▶ [ASSIGNMENT] Using the listing below, copy exactly each line from the one that has "Meloni e Zelensky" through the one that has "FIXED FIXFLT-TW-BK mobiltelefonfodral"; omit the pictures.

──────── EXERCISE DATA ────────

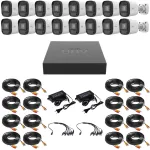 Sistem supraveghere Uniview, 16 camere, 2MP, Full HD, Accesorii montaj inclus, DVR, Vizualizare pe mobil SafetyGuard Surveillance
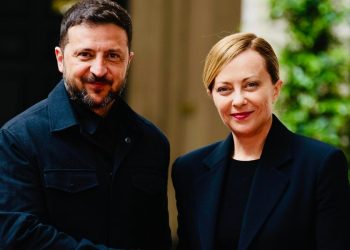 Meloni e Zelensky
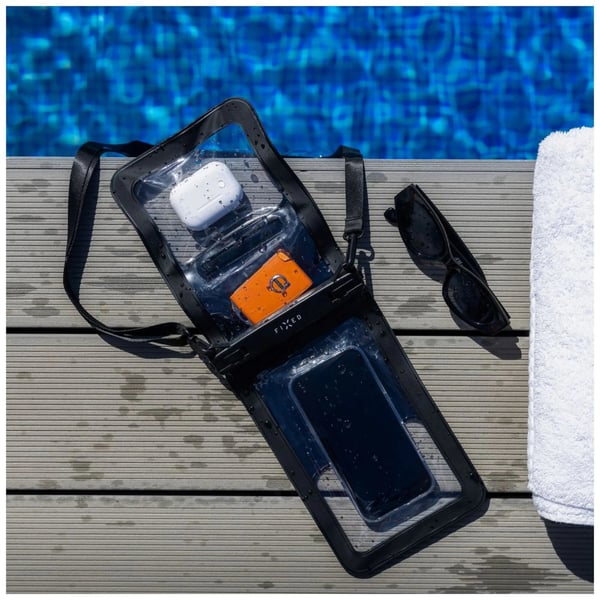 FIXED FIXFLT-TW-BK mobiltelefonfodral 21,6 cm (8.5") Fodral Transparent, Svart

────────
──────── EXERCISE DATA ────────

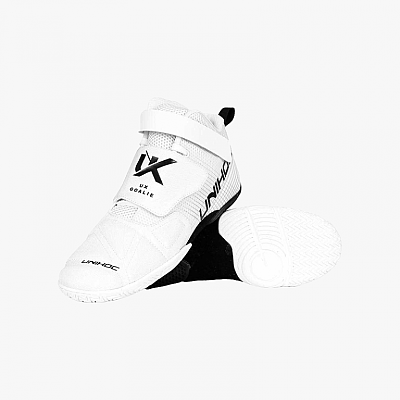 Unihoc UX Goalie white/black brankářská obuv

────────

▶ [SOLUTION TO THE PROBLEM]
 Meloni e Zelensky
 FIXED FIXFLT-TW-BK mobiltelefonfodral 21,6 cm (8.5") Fodral Transparent, Svart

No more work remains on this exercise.